3. The non-contact collaborative artificial intelligence analysis system according to claim 1, characterized in that, The interpretable character behavior features include skeletal behavior features and / or relative position features.

4. A screening and scoring method for developmental disorders in children, characterized in that, The non-contact, collaborative artificial intelligence analysis system as described in any one of claims 1 to 3 includes the following steps: Training phase: Collect experimental data, input the experimental data into the non-contact collaborative artificial intelligence analysis system for training to obtain a fusion prediction large model, and obtain a small model through a lightweight module; Prediction phase: Observation is carried out using an integrated data collection table, with a camera installed in the middle of the table and / or a side camera placed outside the table that can observe the activities of the caregiver and the child; The caregiver and the child sit facing each other and play, with toys placed on the collection table, including: picture books, cardboard boxes, animal models, paintbrushes, drawing paper, and hand puppets; Once recording mode is activated, caregivers and children use the collection table as their activity area and the provided toys as their tools to conduct experimental activities. The scoring data obtained during the recording process is input into the small model to obtain a prediction of the interaction score between the two people.

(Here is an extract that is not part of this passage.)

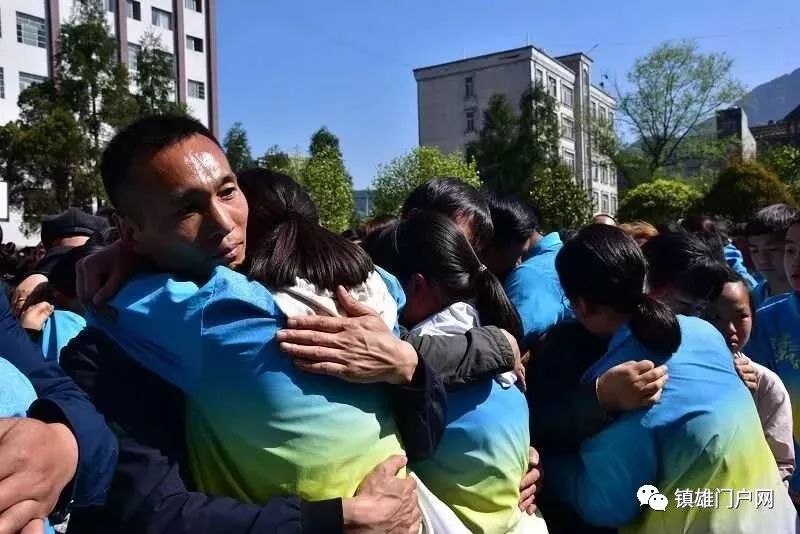 学生感恩教育_感恩教育学生心得体会300字_感恩教育学生感恩信怎么写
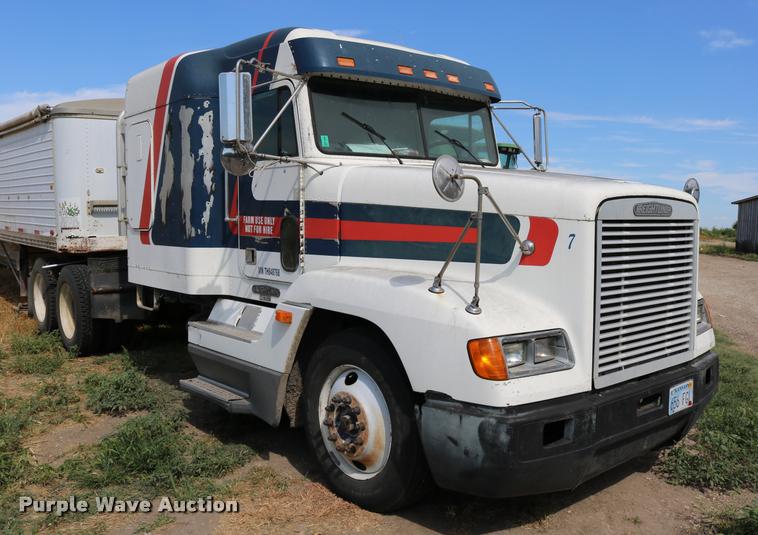 image for item DB9290 1996 Freightliner FLD semi truck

5. The method for screening and scoring developmental disorders in children according to claim 4, characterized in that, The experimental activities include: Caregivers use picture books to tell stories to children and interact with them about the stories. Caregivers and children use cardboard stacking games; Caregivers raced animal models against children; Caregivers accompany children as they draw with paintbrushes; Caregivers and children take turns telling stories using hand puppets.